Any LPGA pro would not be able to keep/earn a tour card on the PGA. Thats not a put down, just a veiw/fact until proven different.

Paul

post #89 of 126
Quote:
Originally Posted by theworldengine View Post

Ill take a contrarian perspective and argue that its not necessarily lack of distance that this keeping the women away.  Lack of distance is keeping away the women that do play golf.  Then there are women who could drive a golf ball 15 yds further than women pros, but they instead pursue other sports such as basketball or volleyball.  I am familiar with a dude that was a practice player for a top womens basketball team, and he confirms that they are far stronger and more physical than normal women.  If these girls had been trained their whole lives to swing a club they would outdrive Mike Weir lol!  It comes down to a huge lack in participation of girls in the game of golf.

 

That's actually a fair point.  A while ago, pretty good athletes started to pick up golf and continued competing in the higher levels of the sport.  I still don't think women's golf has that kind of draw.  Imagine Serena Williams as a golfer.  She could probably do some damage to a ball if she had the coordination for it.  Are there any of those types of athletes in women's golf?  Most of the bigger women I see in the sport are soft and pudgy looking, except Michelle Wie.  

post #90 of 126
Quote:
Originally Posted by bplewis24 View Post

 

That's actually a fair point.  A while ago, pretty good athletes started to pick up golf and continued competing in the higher levels of the sport.  I still don't think women's golf has that kind of draw.  Imagine Serena Williams as a golfer.  She could probably do some damage to a ball if she had the coordination for it.  Are there any of those types of athletes in women's golf?  Most of the bigger women I see in the sport are soft and pudgy looking, except Michelle Wie.  

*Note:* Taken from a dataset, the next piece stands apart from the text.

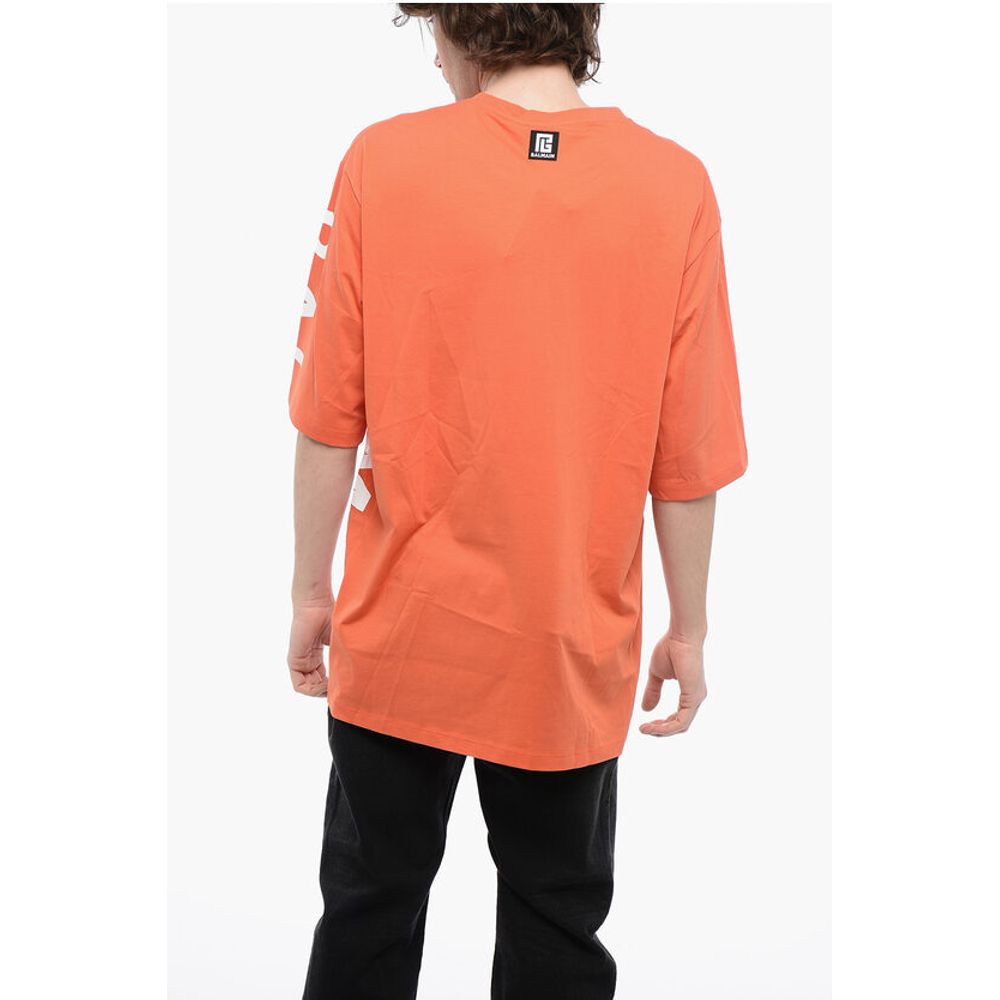 Balmain Cotton Oversized T-Shirt with Printed Logo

The same could be said about some of the men. They are certainly in better physical condition than they were in years past but most of them still would never be mistaken for an NFL linebacker.

 

Of the women on tour I would say Suzann Peterson is the most well conditioned of the bunch.

 

Every little bit helps when it comes to conditioning but there is so much more to golf than strength that it's not the major factor. It's not even the major factor for distance in golf. Bubba Watson's arms are toothpicks and he can hit the ball a ton.

 

The subject reminds me of a quote from John Kruk when he was one of the more pudgy baseball players. A lady on an airplane asked him what he did for a living and he told her he was a baseball player. She told him he didn't look like an athlete and he replied "Lady I'm not an athlete. I'm a baseball player."